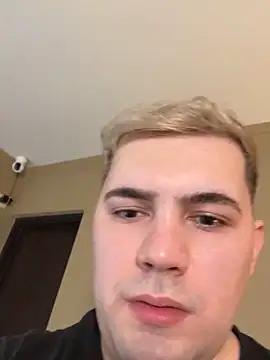 Luna shows her pussy while lying down / Show 💦 - video của người mẫu cam jumpingmodels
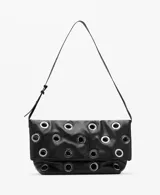 Bolso tipo tote de color negro, confeccionado en poliuretano, con diseño de ojales metálicos plateados distribuidos por toda la superficie y asas largas para llevar al hombro.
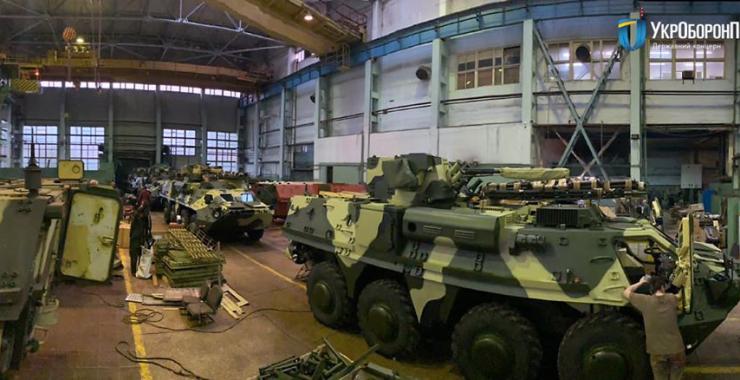 У Харкові оборонний завод купував деталі для БТР-4Е за завищеними цінами
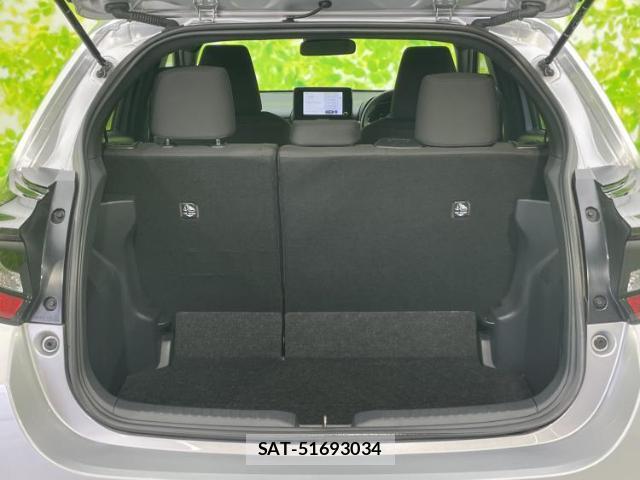 Toyota YARIS 2025-02 8649401-7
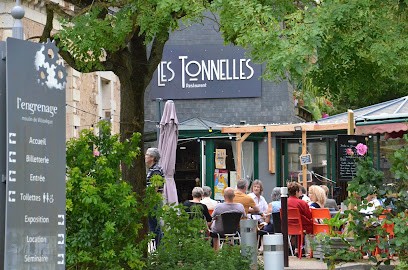 Les Tonnelles, Restaurant à La Chapelle-Saint-Laud
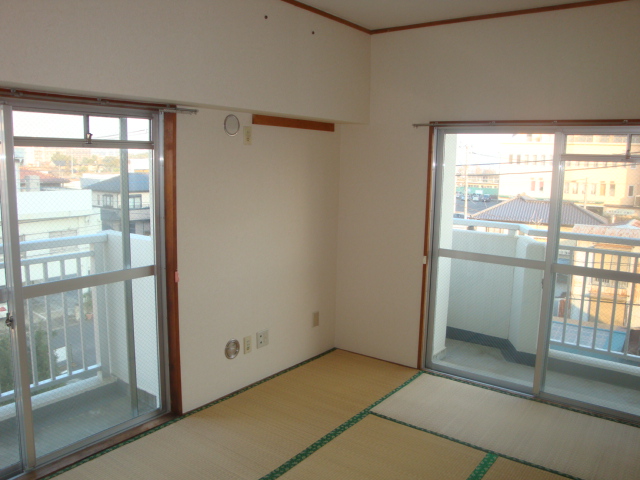 Living and room. Japanese-style room 6 quires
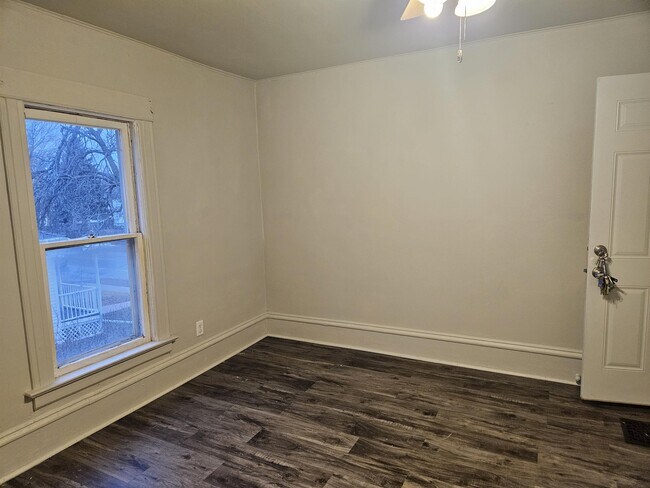 Foto del edificio - 220 N Prairie Ave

#### [Requirement]
Pictures in the listing above must be skipped; everything else should be copied exactly.

#### [Reply to the task]
 Luna shows her pussy while lying down / Show 💦 - video của người mẫu cam jumpingmodels
 Bolso tipo tote de color negro, confeccionado en poliuretano, con diseño de ojales metálicos plateados distribuidos por toda la superficie y asas largas para llevar al hombro.
 У Харкові оборонний завод купував деталі для БТР-4Е за завищеними цінами
 Toyota YARIS 2025-02 8649401-7
 Les Tonnelles, Restaurant à La Chapelle-Saint-Laud
 Living and room. Japanese-style room 6 quires
 Foto del edificio - 220 N Prairie Ave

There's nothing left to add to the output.